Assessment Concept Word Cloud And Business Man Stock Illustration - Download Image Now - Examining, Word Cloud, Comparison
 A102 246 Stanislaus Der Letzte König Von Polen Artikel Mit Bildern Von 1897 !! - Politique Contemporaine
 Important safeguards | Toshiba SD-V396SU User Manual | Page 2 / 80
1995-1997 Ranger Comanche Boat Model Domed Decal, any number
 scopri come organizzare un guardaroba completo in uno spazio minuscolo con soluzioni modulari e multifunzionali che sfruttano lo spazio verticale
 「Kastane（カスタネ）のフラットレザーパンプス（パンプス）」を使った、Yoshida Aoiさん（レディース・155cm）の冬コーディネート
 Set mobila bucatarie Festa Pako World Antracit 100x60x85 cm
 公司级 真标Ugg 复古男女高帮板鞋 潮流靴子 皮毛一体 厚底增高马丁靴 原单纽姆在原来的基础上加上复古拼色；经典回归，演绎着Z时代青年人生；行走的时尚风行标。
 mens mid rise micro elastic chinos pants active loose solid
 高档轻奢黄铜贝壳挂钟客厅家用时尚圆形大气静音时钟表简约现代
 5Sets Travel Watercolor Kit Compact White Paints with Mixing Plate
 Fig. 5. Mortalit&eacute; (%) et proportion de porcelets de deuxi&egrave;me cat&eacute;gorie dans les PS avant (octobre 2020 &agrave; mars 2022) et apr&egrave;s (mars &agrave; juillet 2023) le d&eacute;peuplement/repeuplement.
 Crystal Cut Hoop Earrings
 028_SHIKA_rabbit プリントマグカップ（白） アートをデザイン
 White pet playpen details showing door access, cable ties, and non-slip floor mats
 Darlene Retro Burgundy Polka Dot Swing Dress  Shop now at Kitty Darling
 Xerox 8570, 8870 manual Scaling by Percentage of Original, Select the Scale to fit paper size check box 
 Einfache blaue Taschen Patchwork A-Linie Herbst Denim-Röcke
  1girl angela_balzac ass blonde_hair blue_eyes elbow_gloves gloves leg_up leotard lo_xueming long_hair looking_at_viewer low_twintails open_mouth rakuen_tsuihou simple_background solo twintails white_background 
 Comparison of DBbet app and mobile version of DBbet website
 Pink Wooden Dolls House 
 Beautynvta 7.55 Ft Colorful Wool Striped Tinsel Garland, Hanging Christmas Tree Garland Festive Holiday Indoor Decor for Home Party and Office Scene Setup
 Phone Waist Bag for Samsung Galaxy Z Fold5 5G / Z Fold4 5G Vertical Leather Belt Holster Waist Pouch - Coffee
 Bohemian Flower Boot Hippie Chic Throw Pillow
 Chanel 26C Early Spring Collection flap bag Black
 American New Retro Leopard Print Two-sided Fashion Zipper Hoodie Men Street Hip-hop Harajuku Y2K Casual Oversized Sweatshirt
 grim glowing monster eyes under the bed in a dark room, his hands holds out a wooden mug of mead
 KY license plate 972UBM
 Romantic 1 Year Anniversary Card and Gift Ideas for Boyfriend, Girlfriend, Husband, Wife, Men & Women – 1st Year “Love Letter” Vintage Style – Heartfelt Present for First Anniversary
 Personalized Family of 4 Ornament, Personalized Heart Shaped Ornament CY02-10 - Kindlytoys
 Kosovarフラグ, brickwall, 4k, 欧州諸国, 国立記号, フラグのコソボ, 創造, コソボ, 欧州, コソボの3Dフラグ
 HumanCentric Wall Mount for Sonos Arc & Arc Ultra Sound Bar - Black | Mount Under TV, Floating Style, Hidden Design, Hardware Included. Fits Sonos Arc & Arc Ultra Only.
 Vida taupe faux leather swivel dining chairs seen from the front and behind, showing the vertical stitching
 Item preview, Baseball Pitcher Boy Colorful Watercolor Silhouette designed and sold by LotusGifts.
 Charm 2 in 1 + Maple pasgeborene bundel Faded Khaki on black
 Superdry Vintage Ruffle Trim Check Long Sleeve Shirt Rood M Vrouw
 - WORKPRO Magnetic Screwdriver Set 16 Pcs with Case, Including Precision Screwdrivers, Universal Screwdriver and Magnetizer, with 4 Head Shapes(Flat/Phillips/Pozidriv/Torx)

EXERCISE BRIEF >> Your answer must consist solely of the lines from the top of the entries above through the line containing "5Sets Travel Watercolor", copied exactly, both ends included.

REPLY TO THE TASK >>
Assessment Concept Word Cloud And Business Man Stock Illustration - Download Image Now - Examining, Word Cloud, Comparison
 A102 246 Stanislaus Der Letzte König Von Polen Artikel Mit Bildern Von 1897 !! - Politique Contemporaine
 Important safeguards | Toshiba SD-V396SU User Manual | Page 2 / 80
1995-1997 Ranger Comanche Boat Model Domed Decal, any number
 scopri come organizzare un guardaroba completo in uno spazio minuscolo con soluzioni modulari e multifunzionali che sfruttano lo spazio verticale
 「Kastane（カスタネ）のフラットレザーパンプス（パンプス）」を使った、Yoshida Aoiさん（レディース・155cm）の冬コーディネート
 Set mobila bucatarie Festa Pako World Antracit 100x60x85 cm
 公司级 真标Ugg 复古男女高帮板鞋 潮流靴子 皮毛一体 厚底增高马丁靴 原单纽姆在原来的基础上加上复古拼色；经典回归，演绎着Z时代青年人生；行走的时尚风行标。
 mens mid rise micro elastic chinos pants active loose solid
 高档轻奢黄铜贝壳挂钟客厅家用时尚圆形大气静音时钟表简约现代
 5Sets Travel Watercolor Kit Compact White Paints with Mixing Plate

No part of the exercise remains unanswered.